Tim wrote:JDSimmons wrote:Thanks for the information. I'll have to check out that documentation a little more. I have a high opinion of Scan Tailor, and if I wasn't trying to make e-books to donate to the Internet Archive (where they like to have the page images look like the originals) I wouldn't use any other method of creating e-books.
What part of the Scantailor cleanup process do they object to? It might be something you can skip or compensate for in Scantailor. Or maybe IA could be persuaded or knows of someone that can contribute code to Scantailor to get output the way they like it.
Actually the Internet Archive will take anything you give them as long as its in the public domain or properly licensed. Submissions from people like me are called "Community Texts". I'm trying to make my submissions look as much as possible like the books that IA scans themselves with their famous Scribe workstations. Nobody asked me to do that, it's just something I feel the need to do. This means that I need to crop my pictures to get page images, and I have to deskew the picture before cropping, etc.

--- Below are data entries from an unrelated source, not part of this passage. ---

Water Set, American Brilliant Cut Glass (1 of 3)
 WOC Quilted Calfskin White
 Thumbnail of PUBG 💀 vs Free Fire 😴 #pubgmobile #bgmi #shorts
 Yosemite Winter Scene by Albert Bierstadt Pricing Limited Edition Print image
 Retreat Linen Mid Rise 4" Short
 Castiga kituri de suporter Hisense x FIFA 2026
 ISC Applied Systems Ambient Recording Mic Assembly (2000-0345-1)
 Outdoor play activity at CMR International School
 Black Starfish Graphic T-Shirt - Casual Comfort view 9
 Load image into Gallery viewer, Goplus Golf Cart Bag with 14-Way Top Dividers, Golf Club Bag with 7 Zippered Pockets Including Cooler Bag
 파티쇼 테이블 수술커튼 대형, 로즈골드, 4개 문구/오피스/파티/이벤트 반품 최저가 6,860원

Scan Tailor does not deskew or crop pages. Instead, it figures out where the content is on the page, deskews just that rectangular area, and sticks it on a brand new white page with new margins. The end result is very attractive, but does not look like the original page any more. The color of the page and the margins are different from the original book. Most of the time this is a great improvement, but it just isn't what the original page looked like.
If you check out the links to my three donated books (you can read them online without downloading them) you'll get a better idea of what I'm talking about.
Now when I submitted "Ancient Manners" to Distributed Proofreaders the look of the original pages was never an issue, because they're going to create Plain Text files and HTML. They just needed the cleanest pages and illustrations I could give them, and Scan Tailor is right on the money for that purpose.
Internet Archive also contains books digitized by Google and Microsoft, and the quality of their scans is noticeably worse than what IA does itself. My donations aren't up to IA standards, but I'm working on it.